Step 14: Identify Potential Challenges

In case you might be asking yourself: “Will I face any trying challenges when starting my woodworking business?” – the answer is yes.

Without a doubt, any new business owner is going to face obstacles in the startup process – after all, challenges foster growth!

This article from Small Biz Trends details the 10 biggest challenges that small business owners face, from government regulation and tax compliance to generating cash flow and expanding client bases. 

Perhaps the challenge from this list that is most worthy of mentioning, however, is the 7th one: staying passionate. When asked about any mistakes he made in the process of growing his shop, John responded with:

I waited about 10 years longer than I should have to make the shift from contract work to building a community shop and educational venue. I am a much better fit for that than I am for serving the ultra-rich.

For John, Making the switch from contract work to opening his shop is what allowed him to remain passionate about his work and to grow IsGood Woodworks into a successful business in turn. 

John also noted that one of the biggest challenges he faces as a woodworking shop owner is balancing the needs of each community member with the needs of his community as a whole. As he says:

When you are in the business of helping others succeed, it is imperative to provide sufficient professional training with ongoing robust mentoring to ensure your students and mentoring clients avoid the pitfalls of failure.

Step 15: Make Your Business Stand Out

Money flows when your business grows, and your business grows when it’s noticed! 

For a small woodworking business, there are several ways to stand out among the competition and distinguish yourself as a worthy competitor in the industry. 

Find a Niche

A yellow sketch pad and a calculator and coloured pens on the side

Finding a niche that works for you is the key to operational success for small woodworking business owners.

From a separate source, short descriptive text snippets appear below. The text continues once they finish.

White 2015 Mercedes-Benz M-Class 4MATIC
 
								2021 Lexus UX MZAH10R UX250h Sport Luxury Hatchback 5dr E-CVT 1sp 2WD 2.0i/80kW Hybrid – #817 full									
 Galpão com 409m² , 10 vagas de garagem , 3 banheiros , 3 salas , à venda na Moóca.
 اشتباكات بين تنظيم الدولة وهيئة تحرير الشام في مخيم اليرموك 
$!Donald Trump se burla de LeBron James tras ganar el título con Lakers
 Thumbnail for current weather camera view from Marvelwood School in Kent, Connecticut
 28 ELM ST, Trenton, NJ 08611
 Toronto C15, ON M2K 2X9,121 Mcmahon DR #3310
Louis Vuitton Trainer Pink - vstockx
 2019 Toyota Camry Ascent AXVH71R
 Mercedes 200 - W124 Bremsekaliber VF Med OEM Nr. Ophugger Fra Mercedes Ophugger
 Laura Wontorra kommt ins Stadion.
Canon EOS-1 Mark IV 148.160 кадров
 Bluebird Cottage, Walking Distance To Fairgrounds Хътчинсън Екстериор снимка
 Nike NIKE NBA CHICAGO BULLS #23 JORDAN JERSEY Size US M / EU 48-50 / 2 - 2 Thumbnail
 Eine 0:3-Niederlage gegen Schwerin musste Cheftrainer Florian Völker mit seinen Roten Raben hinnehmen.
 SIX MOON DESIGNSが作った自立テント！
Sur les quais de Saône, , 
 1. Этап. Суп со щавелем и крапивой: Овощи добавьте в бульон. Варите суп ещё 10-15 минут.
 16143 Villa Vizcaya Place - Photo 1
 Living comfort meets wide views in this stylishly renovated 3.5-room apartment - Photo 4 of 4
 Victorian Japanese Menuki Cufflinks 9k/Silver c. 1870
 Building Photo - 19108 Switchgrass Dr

Whether it be a product type (e.g., chairs, high-end frames, birdhouses, tables, keepsakes) or a skill set (e.g., restoration and repairs, because many woodworkers turn these jobs down), there’s a great niche for any shop.

Help Others

This method of making your woodworking shop stand out in the crowd may not seem as obvious, but it is just as necessary. 

After all, some of the best clients and professional relationships come from spreading your knowledge and sharing resources with others in the woodworking industry.

Simply put, think of it as networking with a little more generosity thrown into the mix.

John holds the process of helping other woodworkers close to his heart and attributes that to the success of his shop in comparison to others. In his own words:  

Every maker space that I have looked at requires a basic class to use the equipment, then leaves you on your own. In a sense, they are setting people up to fail as soon as they encounter a process that is new. Without available human advisors, you will not retain your clients, and you will not build community.

John became more successful than ever when he transitioned his business from contract work to a community shop that’s primary focus is helping others succeed. As he puts it:

IsGood Woodworks has evolved to reflect my true passion, which is helping others to succeed. We are now a community shop with classes, shop rentals, and robust mentoring.

What’s Next?

To recap this step-by-step guide for how to start a woodworking business, ask yourself the following questions:

  • Do I have the required skills to start a woodworking business?
  • Do I understand the basics of this process?
  • Do I know how to create a business plan?
  • Will I be able to acquire funding to make a profit/make this business lucrative?
  • What are the costs? 
  • Where will my business be located?
  • Will I be able to acquire the tools and materials needed?
  • Will I be comfortable communicating with clients?
  • Can I afford to hire employees when necessary?
  • Why am I starting a woodworking business?
  • Do I need any additional help or advice?
  • How can I develop a working brand and marketing strategy?
  • What exactly must I do to be successful?

By now, you should have all of the tools to know how to start your own woodworking business – it’s time to take the next step!